__EXERCISE DETAILS__:
Could you transcribe exactly the lines from the one containing "Shop Dries Van" through the end of the listing below, both included, but none of the pictures?

------------

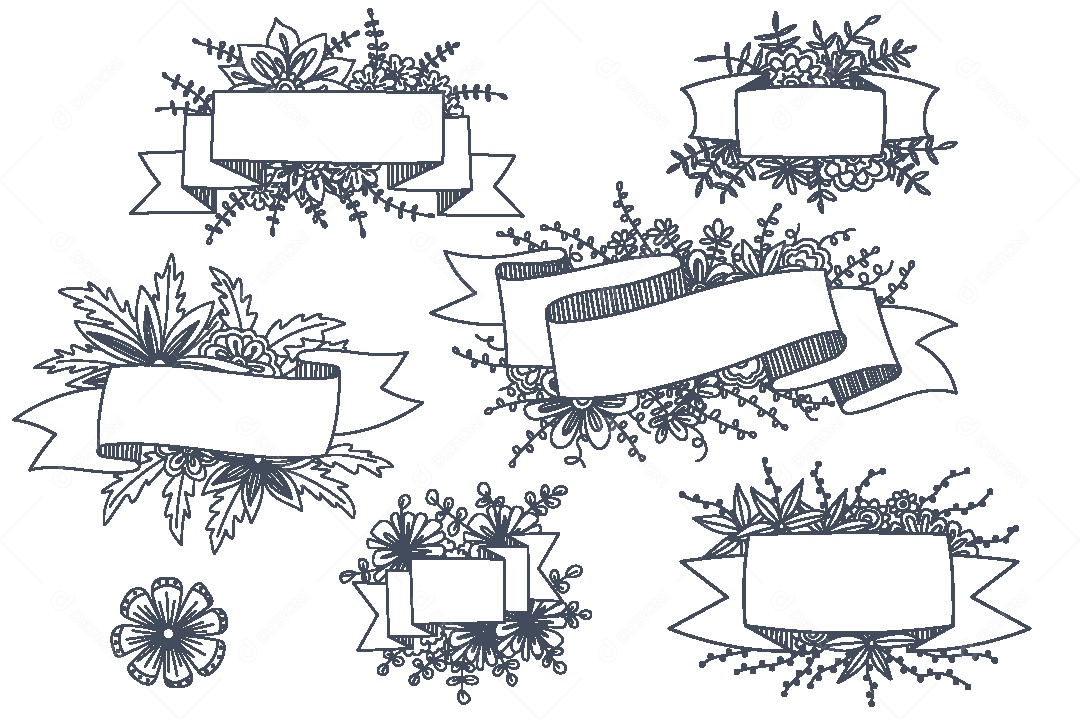 Conjunto de Fitas com Flores Ilustrações Vetor EPS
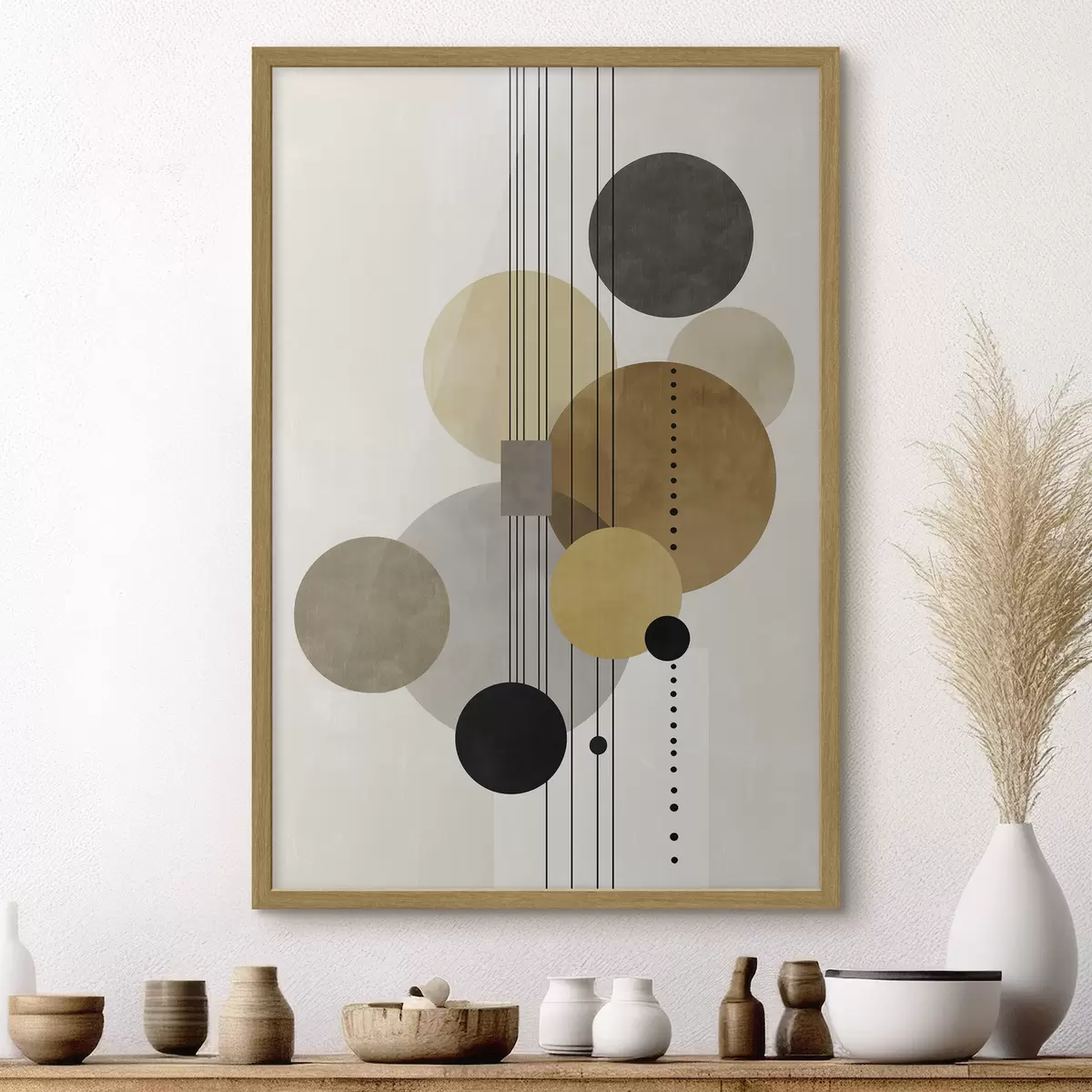 Poster abstracción con círculos y líneas en colores cálidos f47238
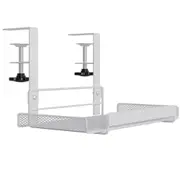 White Large Under Desk Cable Management Tray No Drill Steel Desk Cable Organizer Rack Shelf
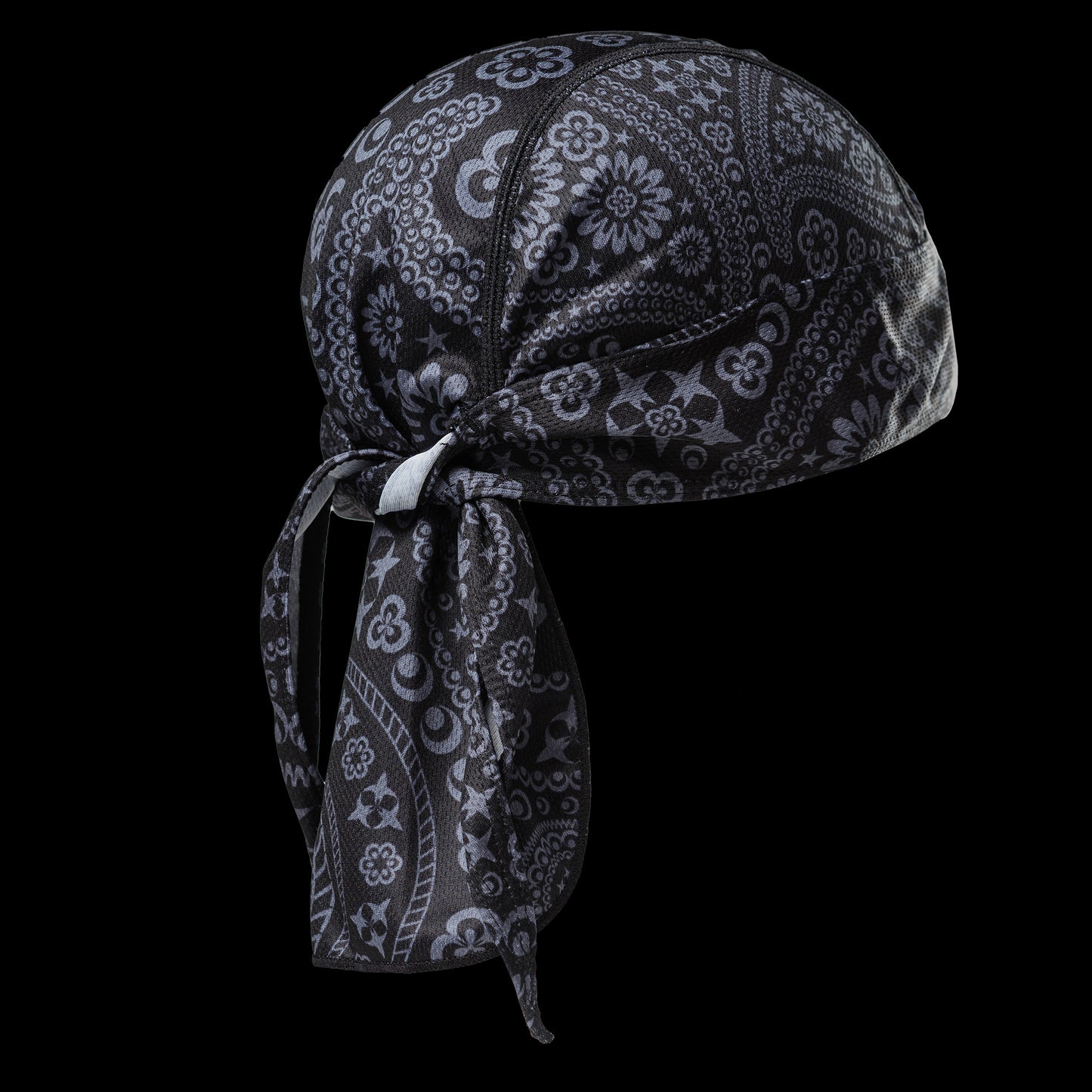 Black Paisley Biker Pirate Skull Cap Bandana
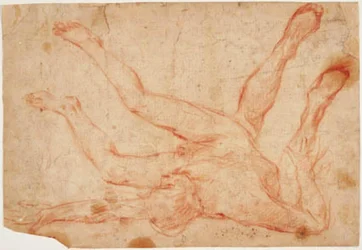 Un homme nu allongé sur le dos avec les jambes relevées, et une étude pour une paire de jambes relevées vues de derrière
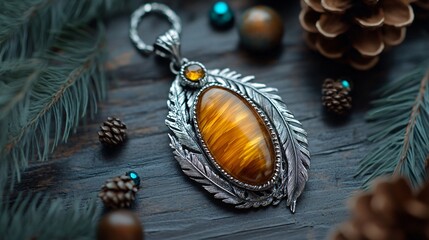 Fototapeta premium Amberstone pendant with silver feathers, isolated on a dark wood surface, accented with small teal gemstones and pinecones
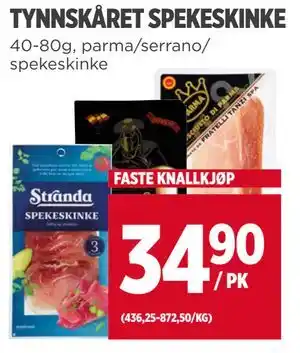 Meny TYNNSKÅRET SPEKESKINKE, NOK 34.9 tilbud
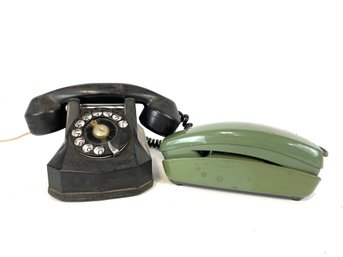Pair Of Vintage Rotary Phones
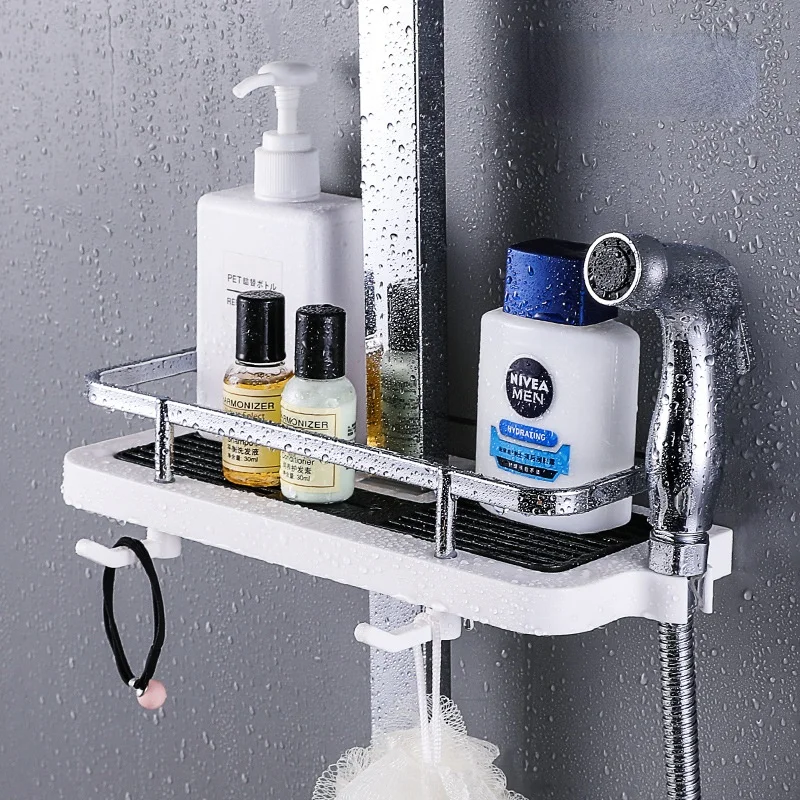 Black Shower Shampoo Tray Shower Shelf Bracket Column Storage Rack Single-layer Bathroom Shelf with Shower Head Bracket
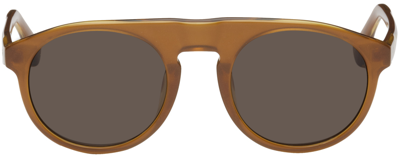 Shop Dries Van Noten Brown Linda Farrow Edition 91 C9 Sunglasses In Amber/ Matt Gold/ Gr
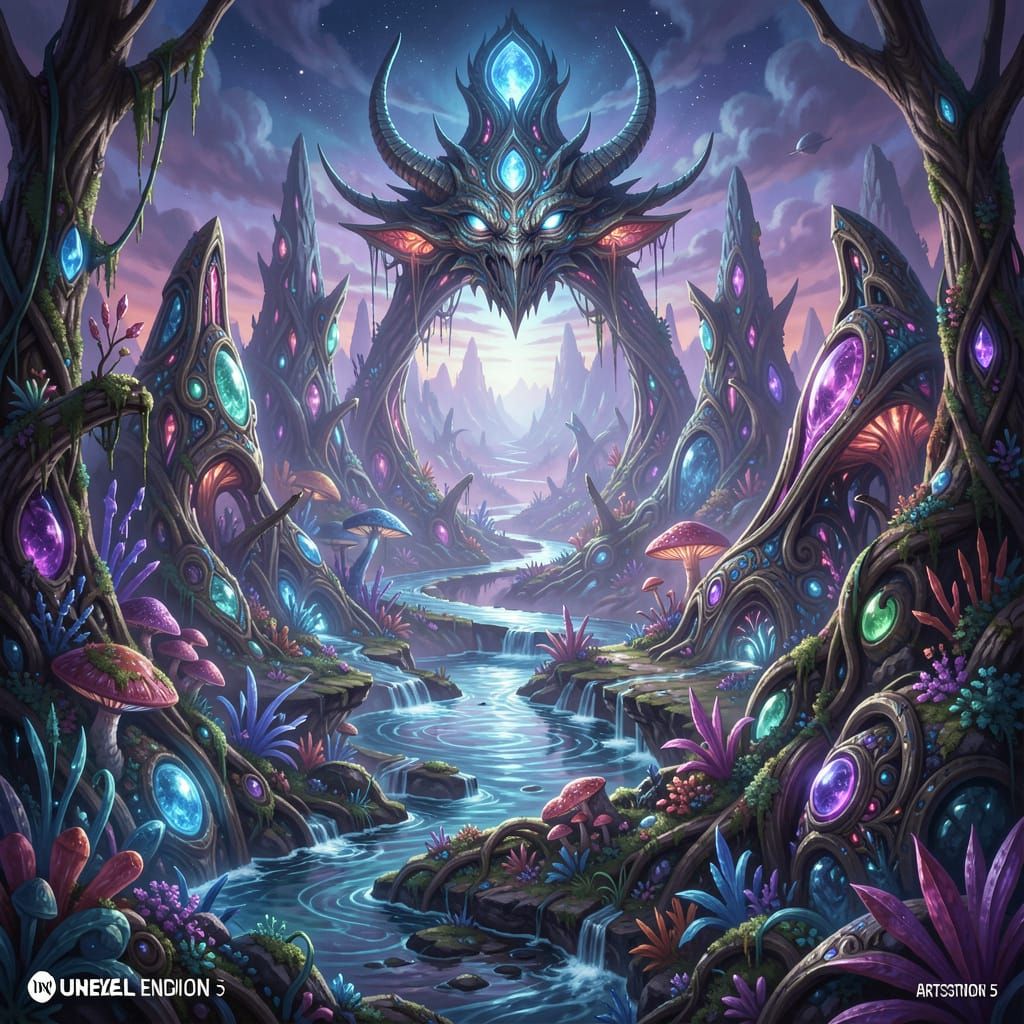 Fantastical Alien Landscape in Matte Painting Style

------------

__ANSWER FOR THIS EXERCISE__:
 Shop Dries Van Noten Brown Linda Farrow Edition 91 C9 Sunglasses In Amber/ Matt Gold/ Gr
 Fantastical Alien Landscape in Matte Painting Style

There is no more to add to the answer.